I Campi Elisi: dimora per le anime di coloro che in vita furono amati dagli dèi secondo Virgilio, luogo ai confini del mondo in cui i mortali privilegiati vivono per sempre felici per Omero. Quale che sia la versione che preferiate, il luogo rimane comunque d’elezione, non accessibile a tutti. Come l’Elysium di Neill Blomkamp: una stazione spaziale nella quale, nel 2154, vivono i ceti più ricchi, scampati così alla rovina di una Terra sovrappopolata e impoverita. Le masse cercano invano di emigrarvi: la frontiera spaziale è sorvegliata da androidi temibilissimi e senza pietà.

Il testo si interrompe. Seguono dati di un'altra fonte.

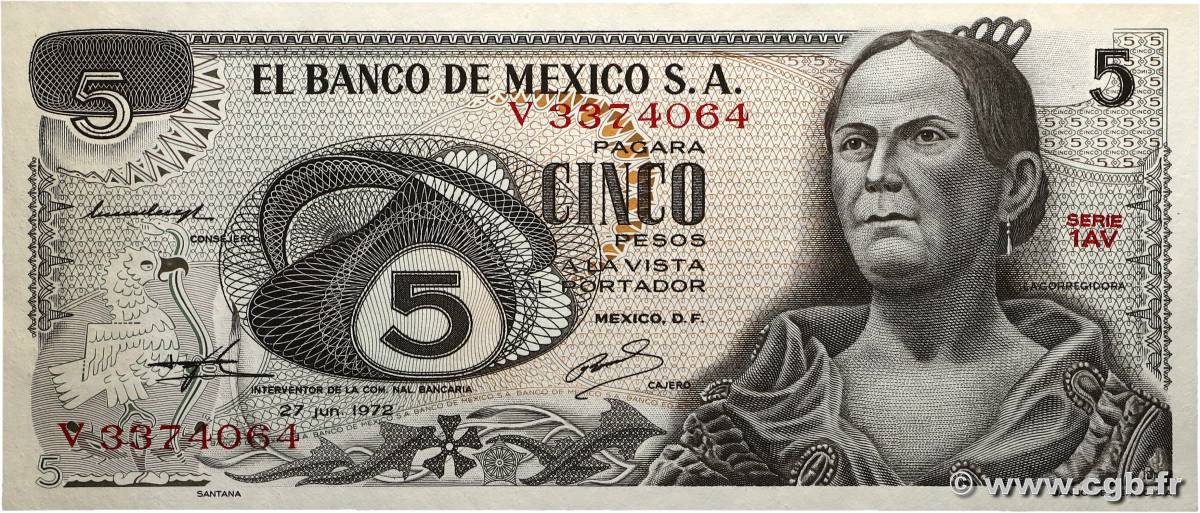 5 Pesos MEXICO  1972 P.062c SC+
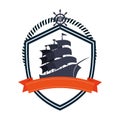sailboat maritime emblem icon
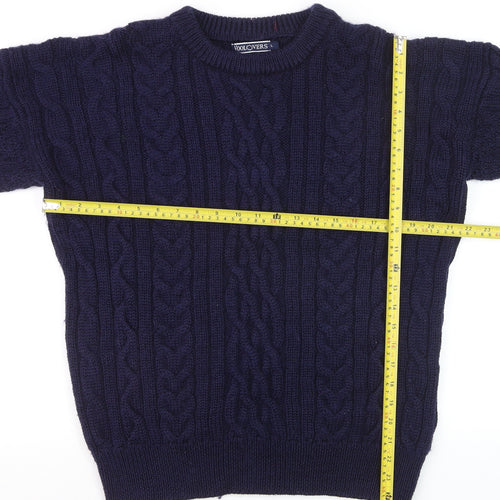 Woolovers Men's Blue Cable-Knit Wool Crew Neck Jumper Size L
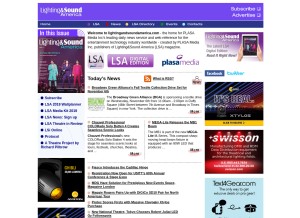How lightingandsoundamerica.com looks like on a tablet such as an iPad.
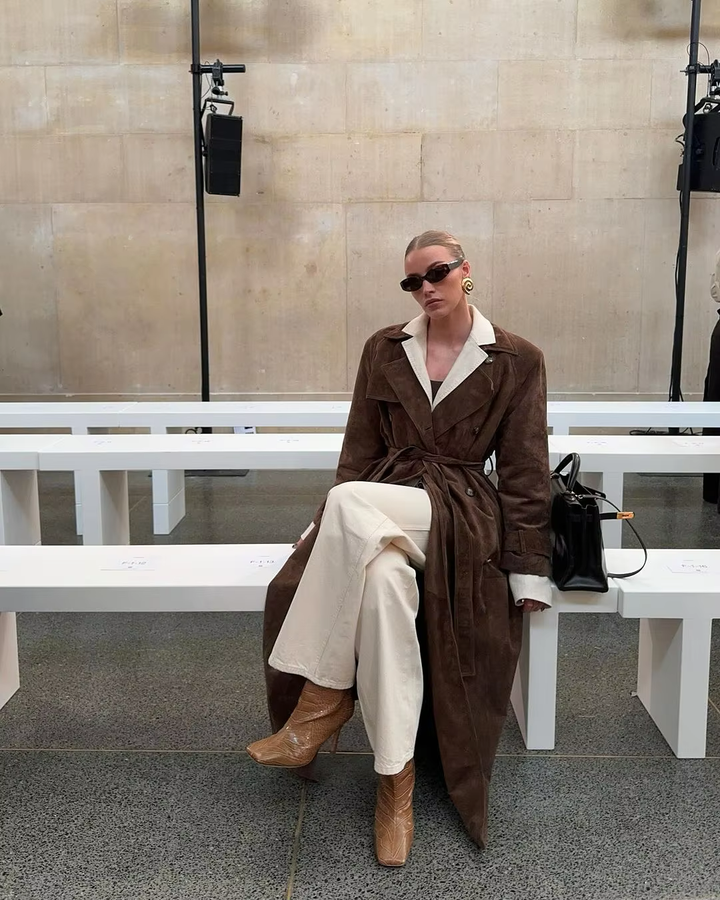 Neutral toned elegant women's faux suede winter jacket, versatile cold weather outerwear.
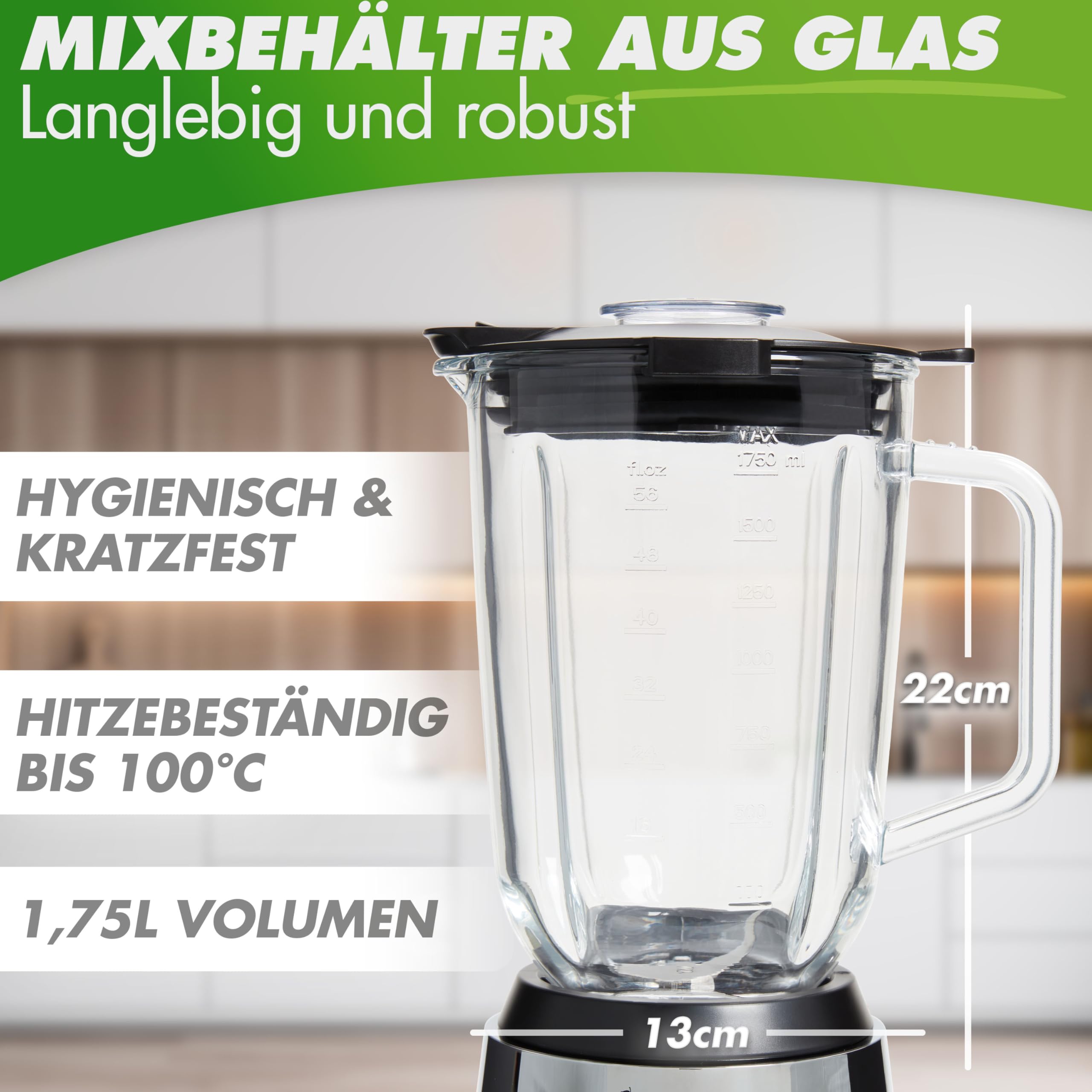 NUTRI-BLENDER GLAS mikser stojący o wysokiej wydajności, 1300 W, mikser do smoothie, profesjonalny blender, szklany pojemnik 1,75 l, obudowa ze stali nierdzewnej, 4 ostrza, nie zawiera BPA, cichy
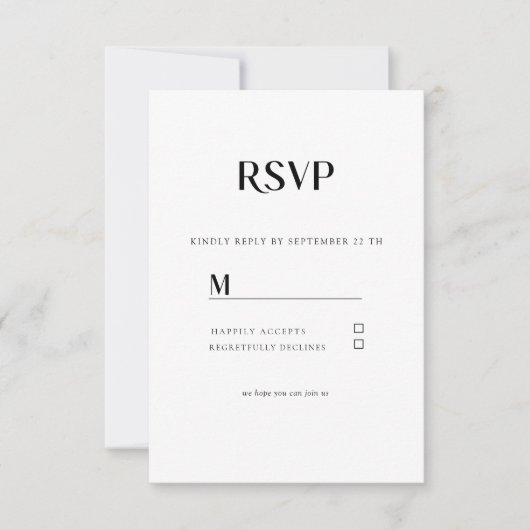 Einfache Moderne Wedding RSVP Karte Kaartje (Voorkant)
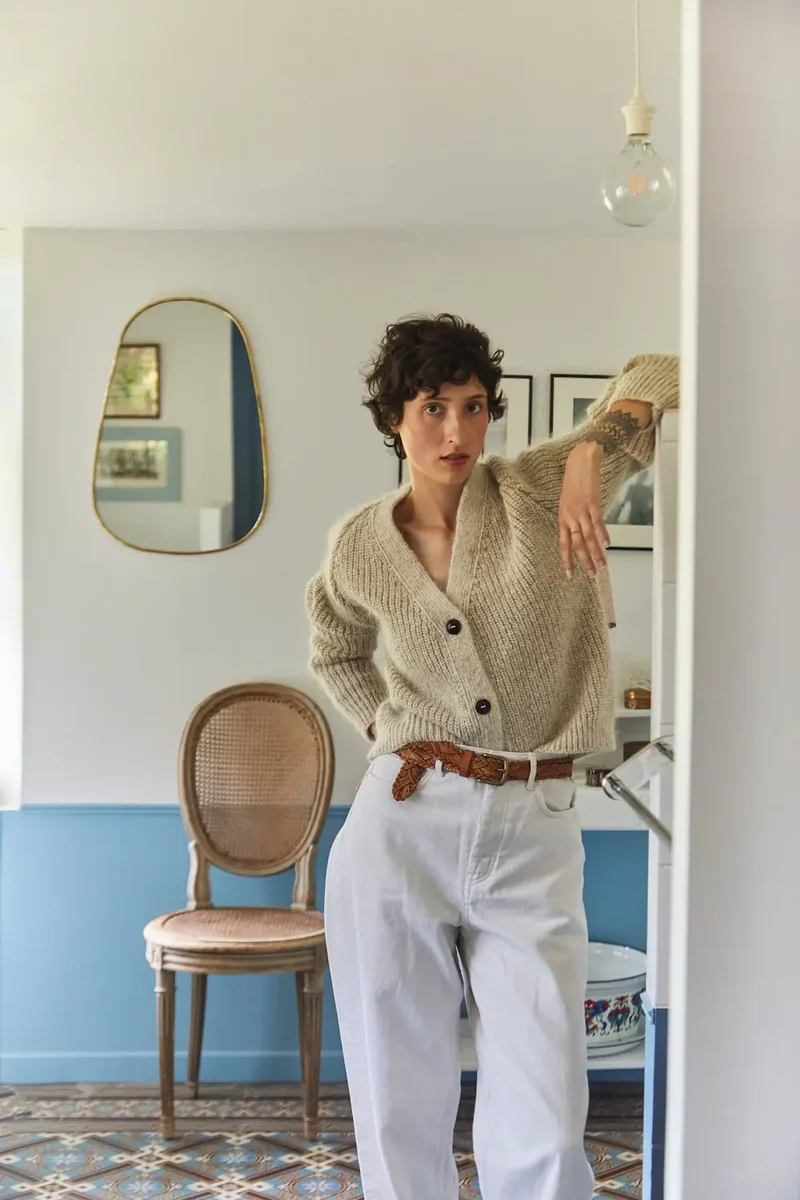 ANNA V-Neck Cardigan in Merino-Mohair Wool - Beige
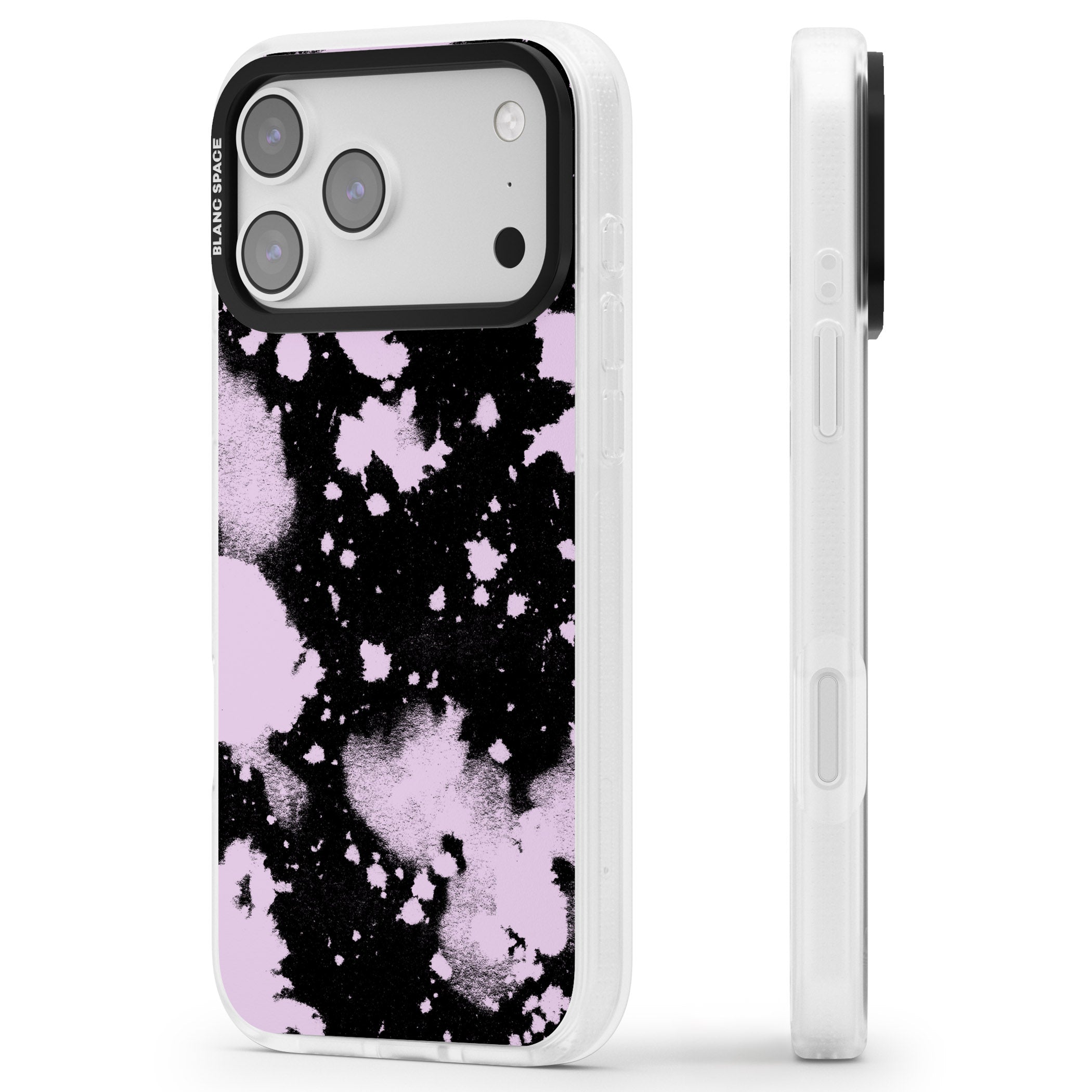 Pink & Black Acid Wash Tie Dye iPhone 17 Pro Max Impact Air Clear Phone Case Side Profile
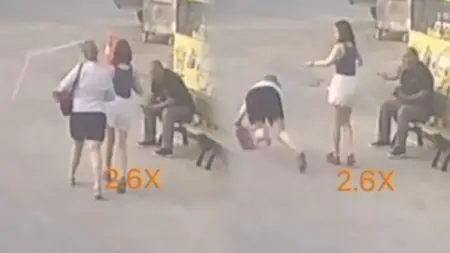Adana'da yolda yürüyen kadının başına sineklik düştü.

Già con District 9 (2009), Blomkamp aveva fatto della fantascienza un’arma sociale, raccontando della segregazione di un alieno sul pianeta Terra (nel natio Sud Africa, guarda un po’…). Con la sua seconda pellicola (la prima girata negli Elisi cinematografici: Hollywood) mantiene inalterato il sottotesto polemico. Il tasso di spettacolarità è alto, un po’ di retorica affiora, ma è innegabile la forza d’urto della parabola egualitaria e ribelle scritta e inscenata dal regista di Johannesburg.
L’elemento di disturbo, il tramite tra i due mondi che minaccia di far saltare lo status quo, è Max (Matt Damon), un ex ladro d’auto libero sulla parola. Max lavora per alla catena di montaggio della Armadyne Corp., l’azienda che rifornisce di componenti robotici Elysium. Sottoposto ad una serie di radiazioni mortali e desideroso di aiutare Matilda, la figlia di un’amica d’infanzia malata di leucemia, Max progetta di approdare su Elysium: sulla stazione spaziale, infatti, la tecnologia è in grado di curare ogni male. Ad opporsi al suo tentativo, il Segretario Delacourt (Jodie Foster), la quale, con il mercenario psicopatico Kruger (Sharlto Copley), trama in segreto per fare le scarpe al Presidente Patel (Faran Tahir).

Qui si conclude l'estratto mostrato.